Here’s the page, and why each line earns its place.

Section one: the account inventory

For every foreign financial account with your name attached, one row: institution, country, account type, whether it’s individual / joint / signature-authority-only, the approximate highest balance it hit this year, and the currency.

Every word in that row maps to something the reporting system actually asks. The main foreign account report wants accounts identified and their maximum value during the year — not the year-end balance, the peak — which is precisely the number nobody can reconstruct from memory three years later. “Every account with your name attached” is deliberate: joint accounts count at their full value even when the money is functionally your spouse’s, dormant accounts count, the account from before you moved counts, and signature authority over someone else’s account can count too. The Accounts You Forgot Still Count: Aggregation, Dormant Accounts, and Your Non-US Spouse covers each of those traps; the inventory is their antidote, because the $10,000 trigger is aggregate — it’s the sum of this column, at its peaks, that decides whether the reports are owed at all.

Two habits make the inventory trustworthy. Add a row the day you open anything new — accounts enter life quietly, attached to a mortgage, an employer, a child. And never delete a row: mark closed accounts closed with the date, because “what happened to that account” is a question that outlives the account.

Section two: the paper behind the page

Keep, in one folder (digital is fine): year-end and peak-month statements for each account, copies of every filed return and foreign-account report, and your written exchanges with your preparer — particularly anything where you disclosed your foreign accounts and holdings.

The statements support the numbers on the page. The filed copies matter because you are the continuity in your compliance story — preparers change, software accounts lapse, and the person who’ll need to show what was filed in a given year is you. And the preparer correspondence is quietly the most valuable item in the folder: as What the IRS Reads as Willfulness: The Patterns That Turn a Mistake Into Concealment explains, what you told your preparer — and can prove you told them — is central to how an honest record gets read.
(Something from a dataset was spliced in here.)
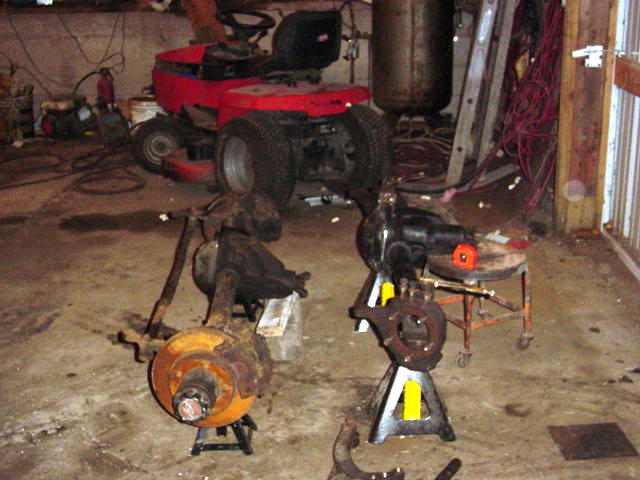 Two front axle assemblies on jack stands in a garage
A two-line email each year (“attaching my account list — please confirm what needs reporting”) costs nothing and is exactly the artifact you’d wish existed if questions ever came.

How long to keep it: longer than feels necessary. Cross-border questions routinely reach back many years, and storage is free. A reasonable personal rule is simply don’t discard, and let the folder accumulate.
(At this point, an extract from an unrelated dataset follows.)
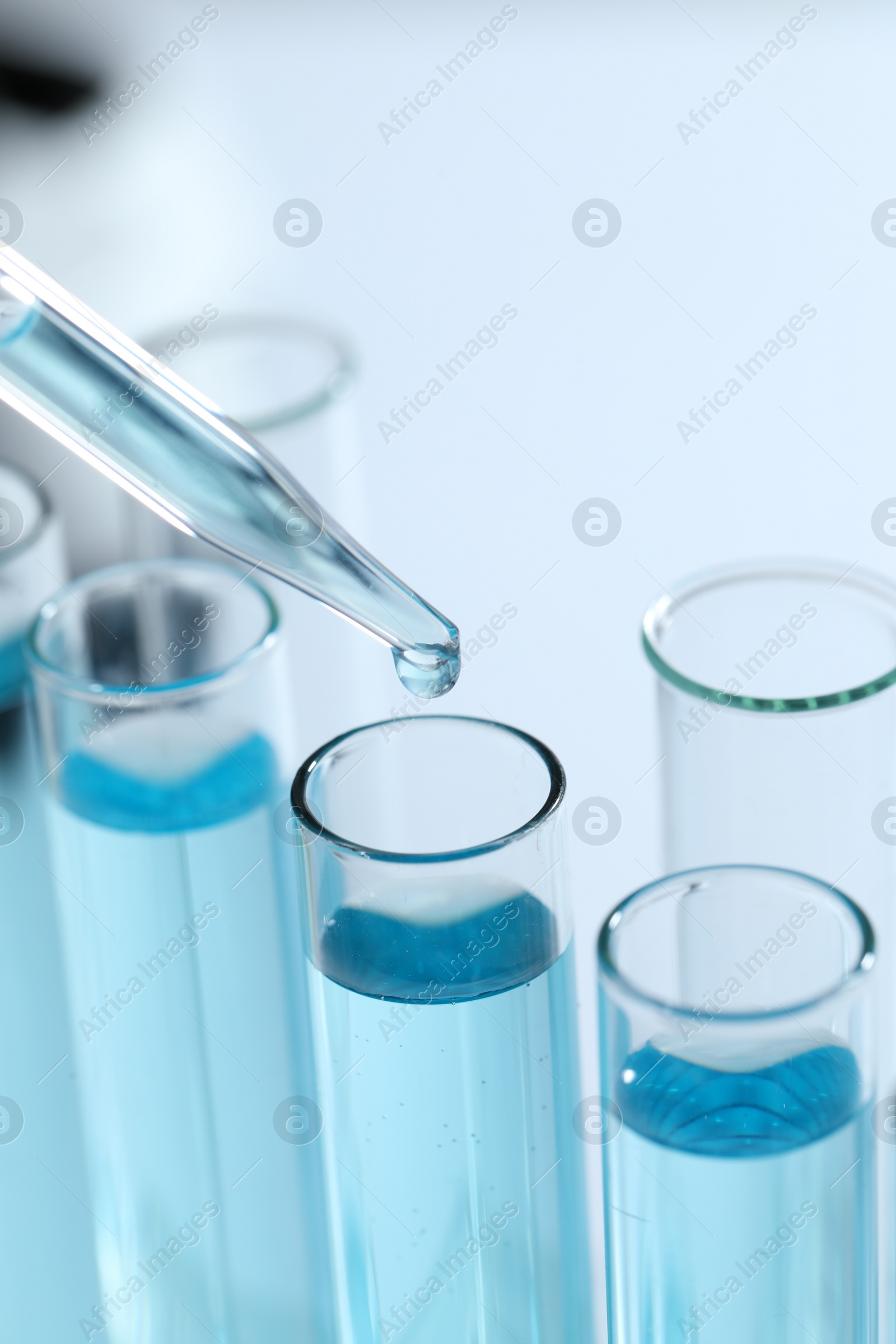 Photo of Dripping liquid from pipette into test tube on blurred background, closeup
Section three: the change log

Three or four lines a year, in plain language: moved provinces or countries, married, opened or closed anything, started a business, inherited an account, crossed a balance threshold for the first time. This is the early-warning section — most cross-border complexity arrives through life events, not tax events, and the log is what you’ll scan when asking whether this year’s situation still matches last year’s filings. It’s also the first thing a good preparer wants to see. (A preparer intake checklist turns this page into a briefing document — that’s its other job.)

Why one page beats a better system

The temptation is to build something proper — a spreadsheet with formulas, an app, automation. Resist it, at least at first. The page’s only job is to exist and be current, and the strongest predictor of that is being trivial to update. An evening in January, statements in hand: update the rows, file the year-end PDFs, write the change log, email the preparer. Done.
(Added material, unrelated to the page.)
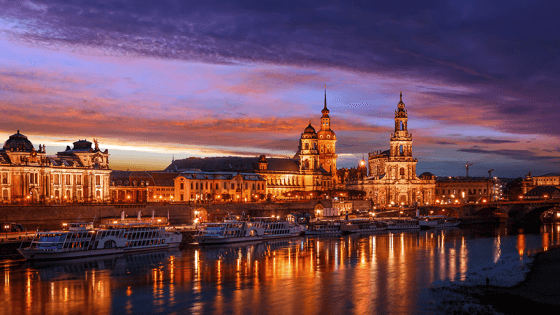 Man sieht hell erleuchtete Gebäude. Es ist Sonnenuntergang. Vor den Gebäuden sieht man einen Fluss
The asymmetry this buys is enormous. With the page, your annual reports are accurate in an hour, nothing gets forgotten, and your record affirmatively tells the story of someone careful. Without it, the same facts get reconstructed under pressure, from old statements and memory, at professional hourly rates — and gaps in the reconstruction get read in whatever light the reader chooses. One page a year is the cheapest insurance in cross-border life.


This article is general educational information, not tax or legal advice. What records your situation requires can vary. Before acting on anything here, speak with a qualified cross-border tax professional about your specific circumstances.